We have had recently the 66 Days documentary, which was a sympathetic portrayal of Bobby Sands, and the Maze film about the breakout, which is not unkind in its depiction of IRA men.
An American film-maker (or indeed the British or the Irish state broadcasters) could do a series, not merely one programme, on the IRA crimes against humanity alone: Claudy, Bloody Friday, Kingsmill, La Mon, Harrods, Teebane, Shankill and others. And on their many calculating individual murders that were designed to instil maximum terror: Who ordered the murder of Patsy Gillespie? Of the lawyer Edgar Graham?

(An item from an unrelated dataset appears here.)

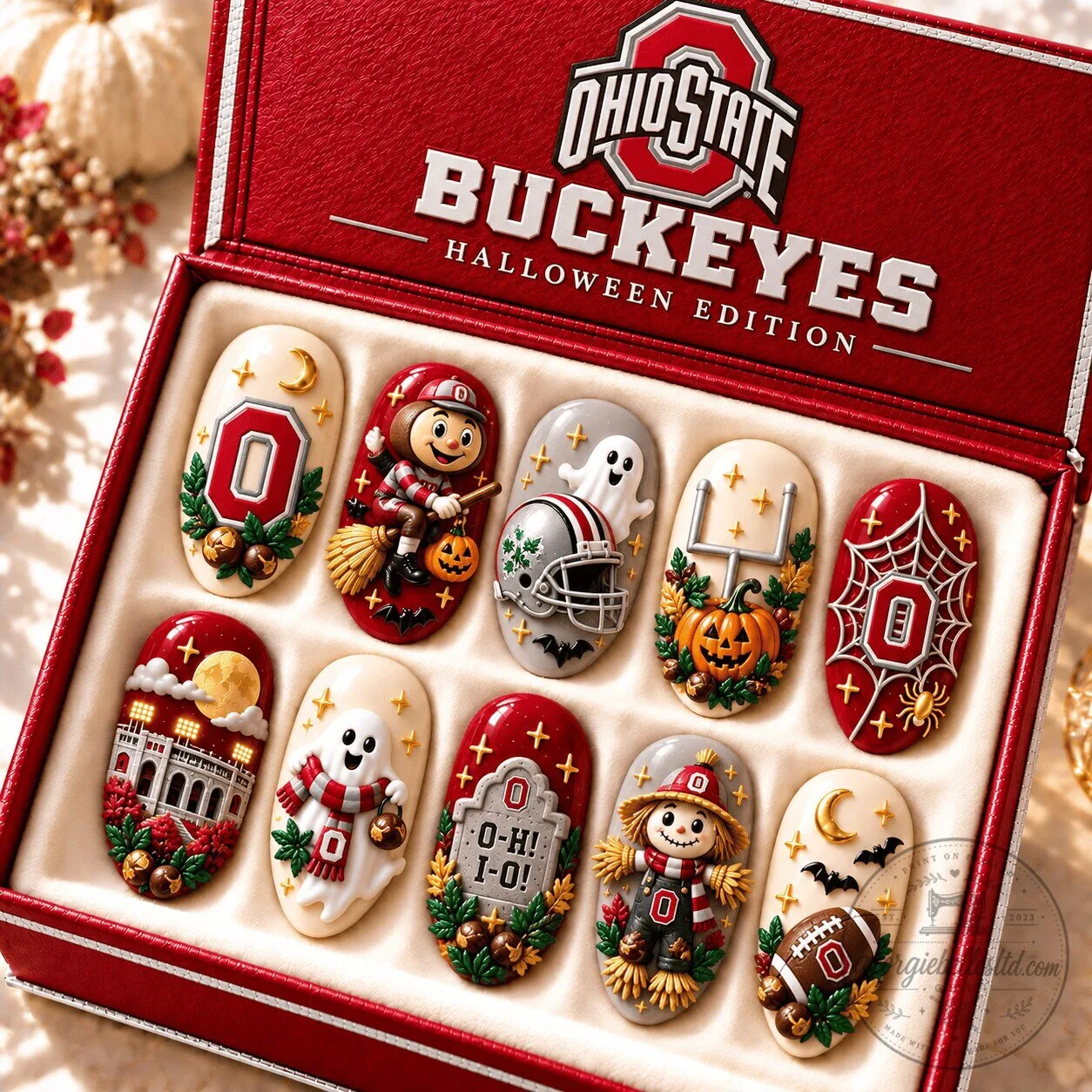 Ohio State Buckeyes Halloween Edition Press On Nails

Mr Faris pointed out the injustice not only of such deaths getting special scrutiny over other deaths, but of the vast amount of people who have not had proper redress for the injury or economic ruin they suffered at the hands of the IRA.
Those of us who have urged London and unionists to hold out are losing this fight. I still think we are handing the narrative to terrorists to whom Britain reacted with so much restraint, and that this is a massive scandal.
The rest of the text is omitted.